I finally watched M.I.A.'s 'Born Free' video clip tonight, having already had a moment of disbelief in response to somebody else's reaction to a description of it. US 'soldier' figures are depicted breaking into houses, beating people up, rounding up redheads and driving them into the desert where they are forced to run away, and shot down by the truck driving alongside them. A boy is shot in the head at point blank range, another young man's body explodes as he runs into a grenade.
They round up redheads in a kind of genocide. How horrible! Well.. yes. It's horrible, as genocide tends to be. It's confronting, but it's tame, and I'm glad that it exists and has been the centre of such controversy. I do wonder, though, how people are still able to take it at face value and consider it a statement against redheads.

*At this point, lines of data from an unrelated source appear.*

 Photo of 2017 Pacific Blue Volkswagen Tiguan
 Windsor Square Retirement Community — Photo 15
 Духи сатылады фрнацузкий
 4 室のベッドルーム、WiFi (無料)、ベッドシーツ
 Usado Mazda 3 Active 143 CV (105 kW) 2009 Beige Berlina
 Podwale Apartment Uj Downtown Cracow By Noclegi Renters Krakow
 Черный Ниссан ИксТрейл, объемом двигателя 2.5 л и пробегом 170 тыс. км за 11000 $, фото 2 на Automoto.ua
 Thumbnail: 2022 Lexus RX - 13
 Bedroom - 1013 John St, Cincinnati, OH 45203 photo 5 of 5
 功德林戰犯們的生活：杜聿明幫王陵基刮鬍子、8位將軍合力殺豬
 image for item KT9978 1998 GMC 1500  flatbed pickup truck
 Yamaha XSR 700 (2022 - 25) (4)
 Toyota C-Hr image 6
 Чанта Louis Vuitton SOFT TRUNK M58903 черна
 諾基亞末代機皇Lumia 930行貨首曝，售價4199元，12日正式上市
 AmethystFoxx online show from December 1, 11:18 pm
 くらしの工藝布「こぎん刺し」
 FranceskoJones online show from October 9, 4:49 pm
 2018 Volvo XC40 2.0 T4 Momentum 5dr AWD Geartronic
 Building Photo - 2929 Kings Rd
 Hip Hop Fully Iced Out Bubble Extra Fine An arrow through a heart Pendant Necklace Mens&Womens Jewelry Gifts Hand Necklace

'Redheads? That's horrible! That's.. that's so awful! How ridiculous.'
'.. I think it's making a broader political statement than that.'
Having unintentionally missed all but the last day of the German Film Festival, I went with D to see Storm on what was a deliciously dreary Sunday afternoon, and crossed to the wrong side of the river for the pleasure. Apart from the handful of girls accompanied by parents/grandparents, I was the probably the youngest there by oh, 20-30 years, and felt it accutely. South Yarra makes me feel so uncomfortable in my own skin. There's a palpable difference that side of town, which I can't properly articulate, but which is uncomfortable enough to keep me away as much as possible.
The movie highlighted the usual disconcerting themes of justice vs. the law, which are particularly salient in cases of such gravity and abhorrence. What is fair, right and just, and what is the legal outcome? What are the options when political motivations and potential consequences have to be considered in choosing how and whether to prosecute? What should be done when properly prosecuting a case will lead to political upheaval and potentially reignite newly dormant conflict? What if justice in one case leads to catastrophe elsewhere
Perhaps the deal swindling in international criminal tribunals is more shocking due to the acts it deals with, or more visible for the same reason. A witness's story uncovers a rape camp that had been established at a hotel in Srpsca during the Yugoslav war, but the court is unwilling to hear this testimony due to time constraints and the witness having been found midway through the defendant's hearing. The defence and prosecution counsel do a deal, as I imagine often happens; a reduced sentence in exchange for some tesimony or other.
It's a brilliant film that has been considered by an ICTY prosecution lawyer to be an accurate representation of the process that goes on in The Hague at the ICTY, (as mentioned in the pre-screening talk). While obviously dramatised, the film is suspenseful and challenging without being dramatic or remotely sensationalist. It's difficult to watch, as, I would argue, the best films are.